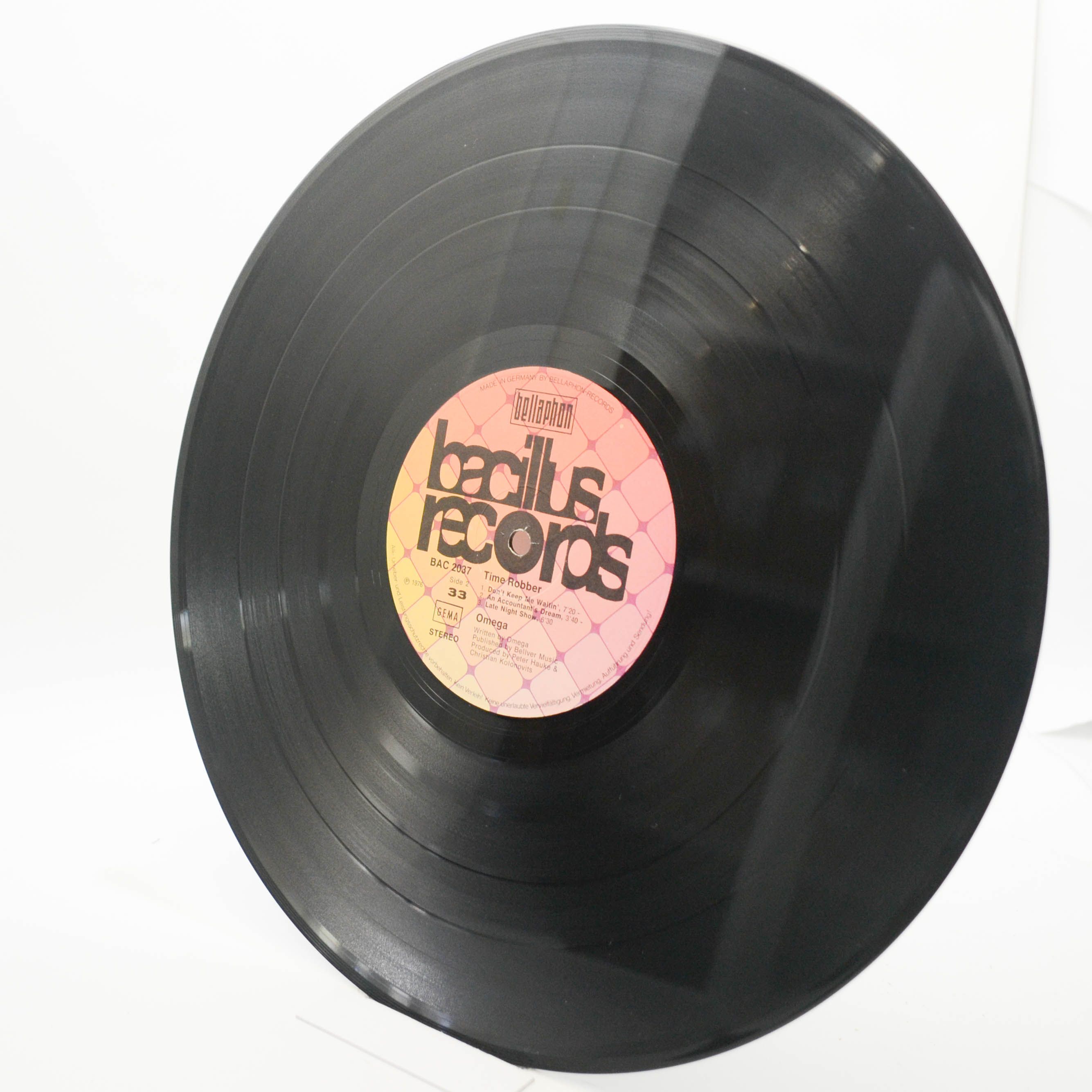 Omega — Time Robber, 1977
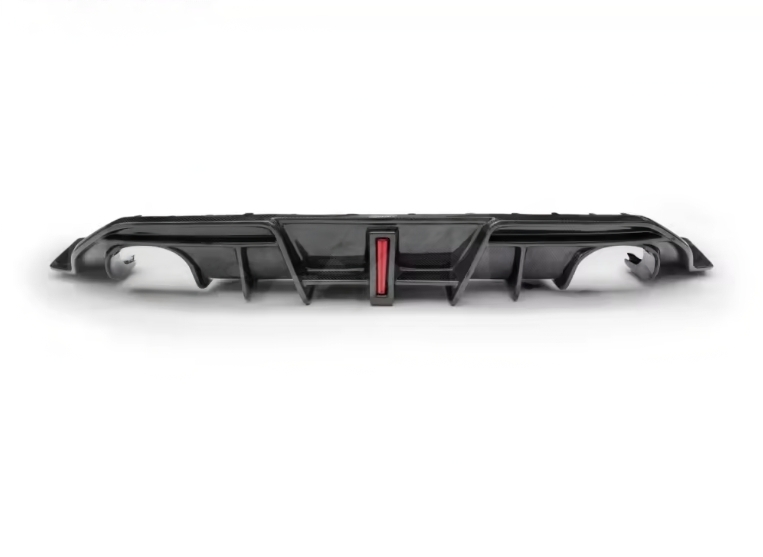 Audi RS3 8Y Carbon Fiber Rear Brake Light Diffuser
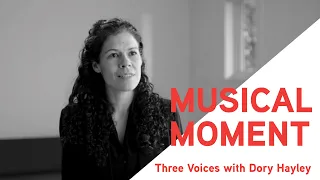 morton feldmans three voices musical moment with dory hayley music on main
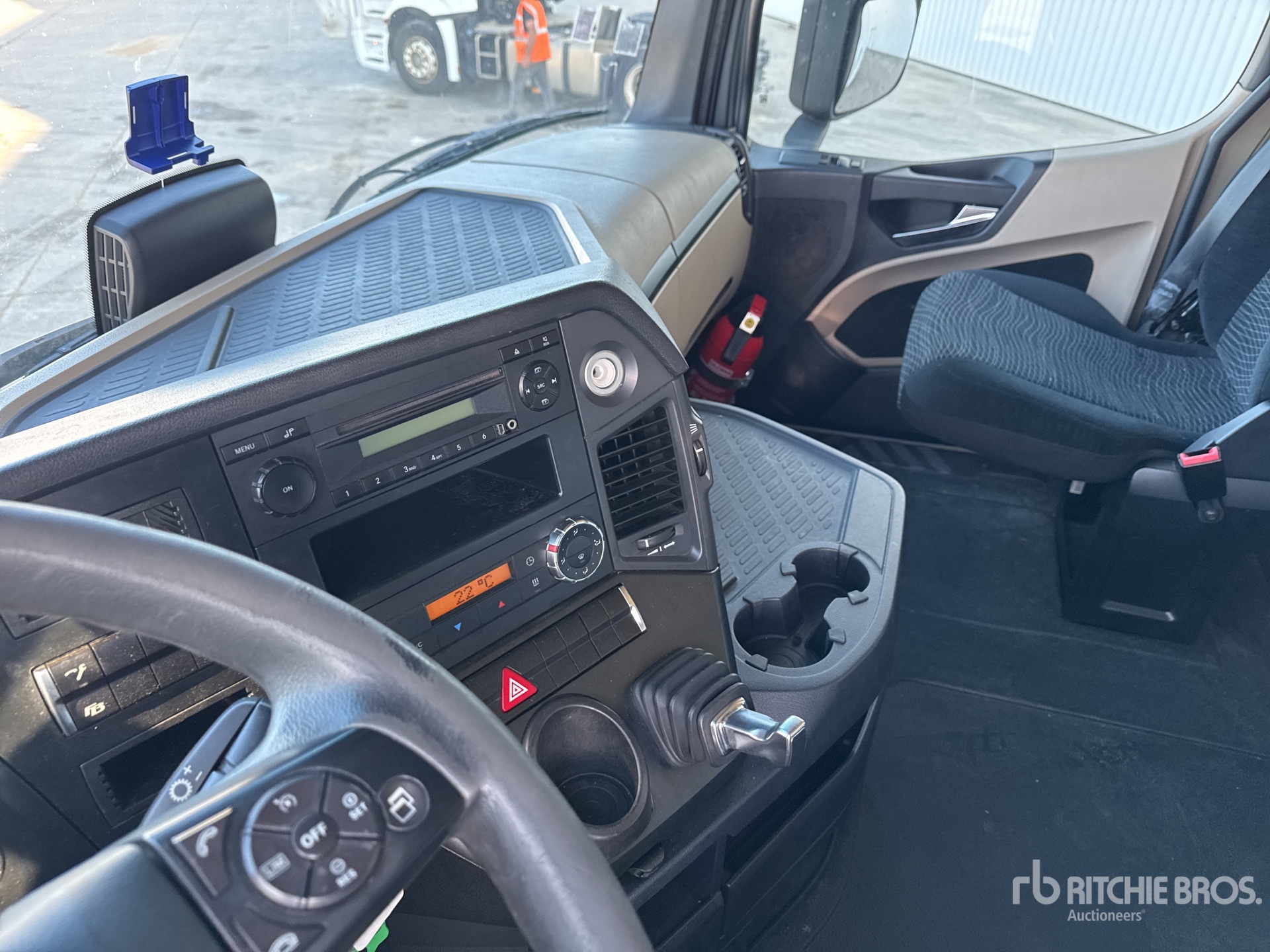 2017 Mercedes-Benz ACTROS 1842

* Exercise instructions: In your output, include only the lines from the line containing "morton feldmans three" through the last line of the material above, exactly as they appear, and leave out the pictures.

* Finished exercise:
 morton feldmans three voices musical moment with dory hayley music on main
 2017 Mercedes-Benz ACTROS 1842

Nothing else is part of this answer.